NVMe itself, the core specification, the revision 1.4, we're anticipating to deliver that mid-next year.
What that's got is anchor features as we have multi-pathing capability.
One of the key things is just building out further and further a lot of our multi-pathing.
So asymmetric namespace access is one of the key things.
If Fred Knight is here, Fred can tell you to a great extent of the wonderful capabilities in ANA.
What that's trying to do is make sure that if you have two paths to an SSD,
how can you make sure that the path you're on,
that you're on the optimal path currently,
and then fail over to the one that's less optimal?
Then we have persistent memory region.
One of the capabilities that we're doing in that
is essentially you take the controller memory buffer
that has such an awesome name and you think about okay that is for when it's it's volatile
is the controller memory buffer what persistent memory region is giving you is a persistent
controller memory buffer essentially but we just renamed it so persistent memory region what it's
really giving you is this capability to have a a way that you can have memory access to your ssd so you may have you can imagine some
people thinking about in database applications they may have a portion of the device that they
want to use in a memory like fashion for certain updates for small updates and then they want to
use the vast majority of
the SSD as NAND in the normal fashion. So that's what persistent memory region gives you.
And then lastly, IO determinism. Let me lead into IO determinism is on the forefront of what I think
we need to focus on next. So let me dive into that. So today's challenge that I really see is quality of service at scale. And IODeterminism
is one mechanism going after that, but I wanted to talk with us about how we align on the real
problem we need to go after next and how we do that together. So I am shamelessly stealing lots
of pictures from a presentation that Chris Peterson and I gave together at Flash Memory Summit in 2017.
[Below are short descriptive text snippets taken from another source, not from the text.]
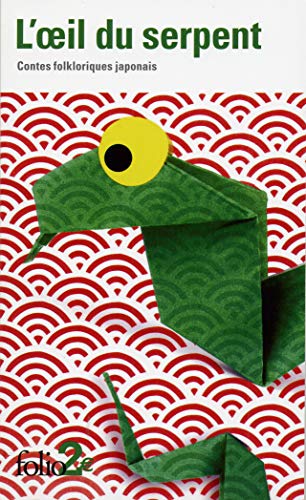 9782070436569: L'oeil du serpent: contes folkloriques japonais: Contes fokloriques japonais: A43656 (Folio 2 Euros)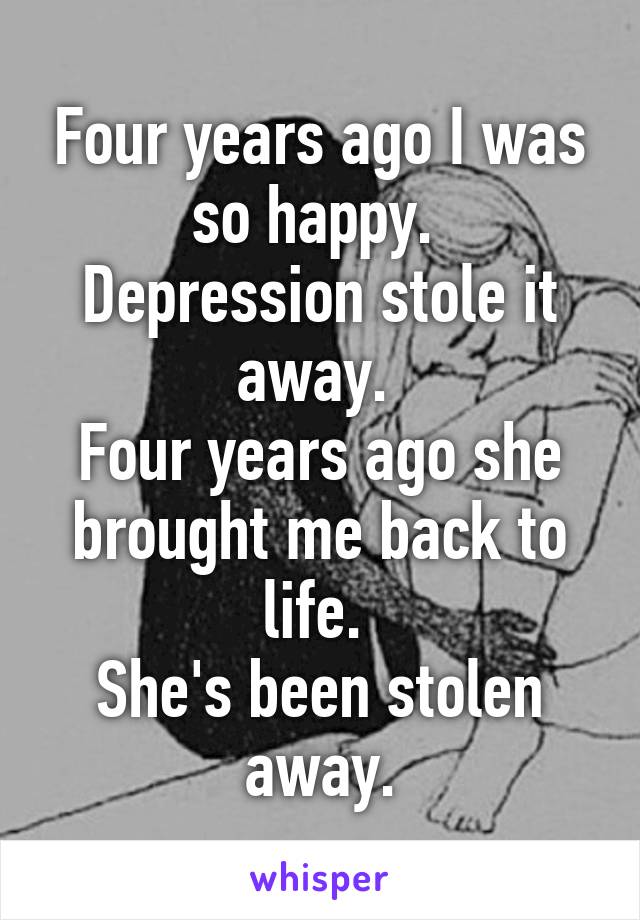 Four years ago I was so happy. 
Depression stole it away. 
Four years ago she brought me back to life. 
She's been stolen away.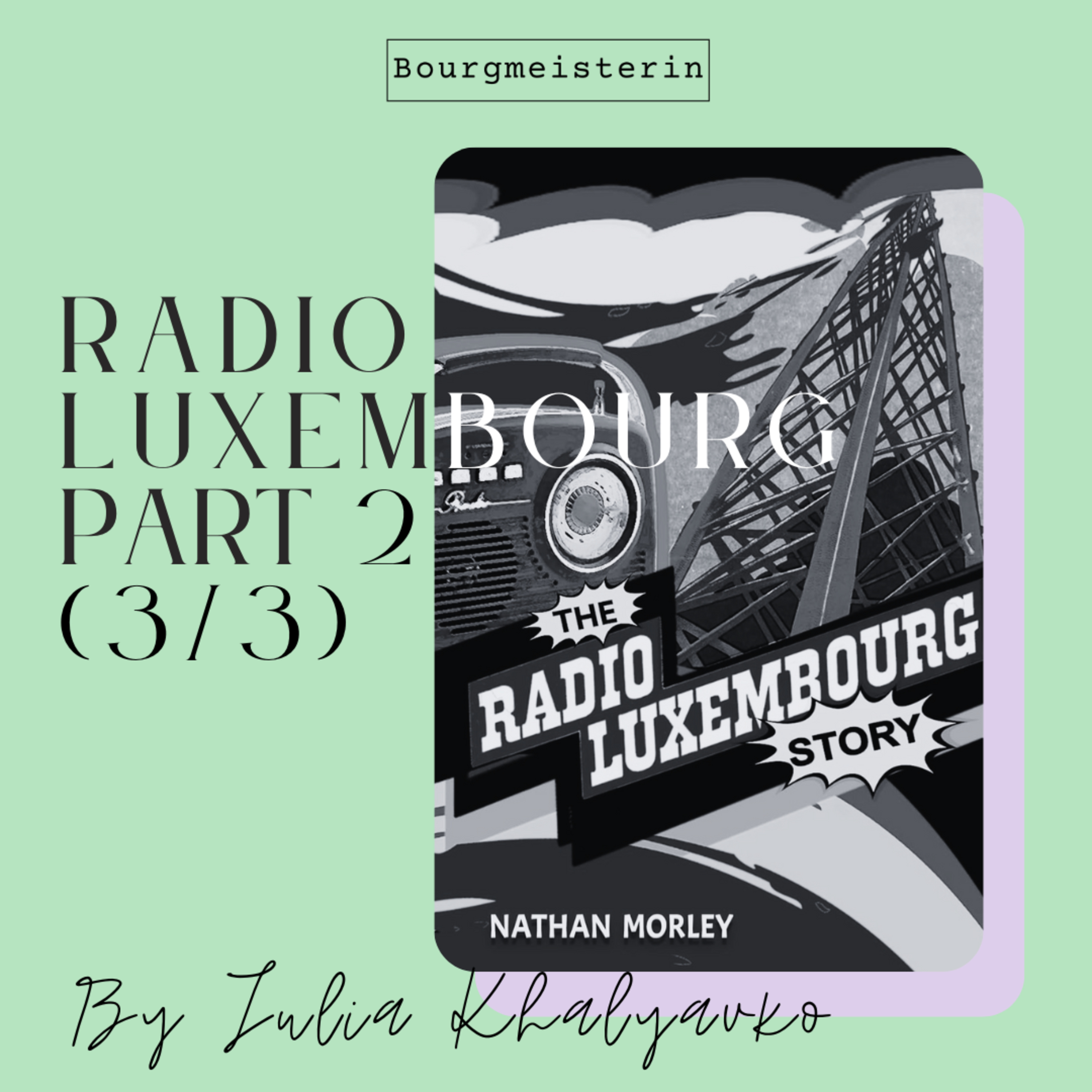 Bourgmeisterin Episode #30: Radio Luxembourg, Part 2 (3/3) episode artwork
So Facebook at scale, these are numbers from 2017.
And so it's only gotten way, way bigger.
Right.
So you talk about, you know, two billion people on join Facebook each month.
It's just that doesn't make sense.
Two billion something
it's something of something but they're big numbers right they're really big numbers that's
my point at scale it's big i sound like an engineer right um so one of the things that's
occurring is disaggregation right disaggregation of storage that's happening over time and you
have a server where you really
want to disaggregate because your CPU and your flash, in year one, you've balanced them. In year
two, well, hey, on this particular server, maybe I need more flash. And so your needs have outstripped.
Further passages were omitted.